Doing the same for now, might gift it later.


----------



## pdhenry (Feb 28, 2005)

Who says no contract?

Betcha that there's a 1-year commitment, if you want to use it.


----------



## csm10495 (Nov 15, 2008)

Just ordered one, awesome deal, i'm just going to buy lifetime right when i activate it. Hopefully it will be $299 cause of multi TiVo discount..


----------



## lessd (Jan 23, 2005)

csm10495 said:


> Just ordered one, awesome deal, i'm just going to buy lifetime right when i activate it. Hopefully it will be $299 cause of multi TiVo discount..


I know this for sure you can get the $12.95/month BUT if you get the correct CSR you may be able to get:
PLS for $399
PLS for $299
PLS for $199
Xfer to your $6.95/monthly rate
Xfer to your $9.95/monthly rate
TiVo is like a lottery now, get the correct CSR and on-duty supervisor and you may be offered one of the above options. You can't do this before you get the TiVo because if you do get a good option you must put it on your TiVo then, coming back later even with a case number may only get you "the CSR made an error sorry" 
Great way to do business, does this beat the old $150 rebate that existed on the Series 2 model 540 ?? I though so, but I don't know anymore.


----------



## orangeboy (Apr 19, 2004)

Sold out. 1800 sold in less than 22 hours. Wooters will woot.


----------



## synch22 (Dec 30, 2003)

orangeboy said:


> Sold out. 1800 sold in less than 22 hours. Wooters will woot.

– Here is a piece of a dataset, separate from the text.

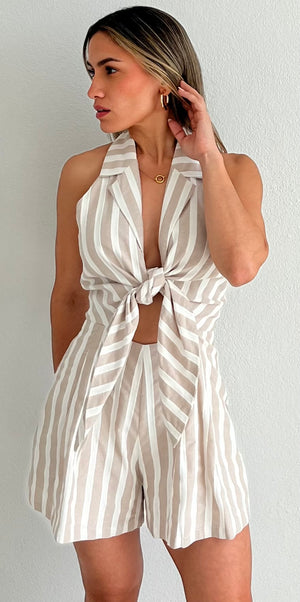 Thinking Out Loud Stripes Halter Romper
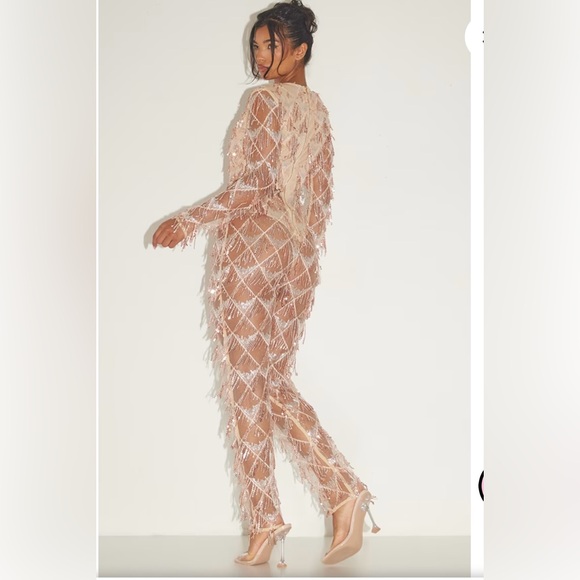 PrettyLittleThing Rose Gold Tassel Sequin Plunge Jumpsuit US 4 - Picture 2 of 11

i had one in the cart but for some reason i dont believe the unit will qualify for MSD Lifetime service @ 299$, call me crazy.


----------



## E94Allen (Oct 16, 2005)

I just ordered one too before it got sold out but anyway I am little bit confused what's difference between woot.com and sellout.woot.com?


----------



## Len McRiddles (Dec 21, 2002)

csm10495 said:


> Just ordered one, awesome deal, i'm just going to buy lifetime right when i activate it. Hopefully it will be $299 cause of multi TiVo discount..


I thought refurbished units were not eligible for the multi Tivo discounts.


----------



## pdhenry (Feb 28, 2005)

Len McRiddles said:


> I thought refurbished units were not eligible for the multi Tivo discounts.


Refurbs bought directly from TiVo are activated at the non-discounted rate upon shipment. That's not the case here.


----------



## Len McRiddles (Dec 21, 2002)

pdhenry said:


> Refurbs bought directly from TiVo are activated at the non-discounted rate upon shipment. That's not the case here.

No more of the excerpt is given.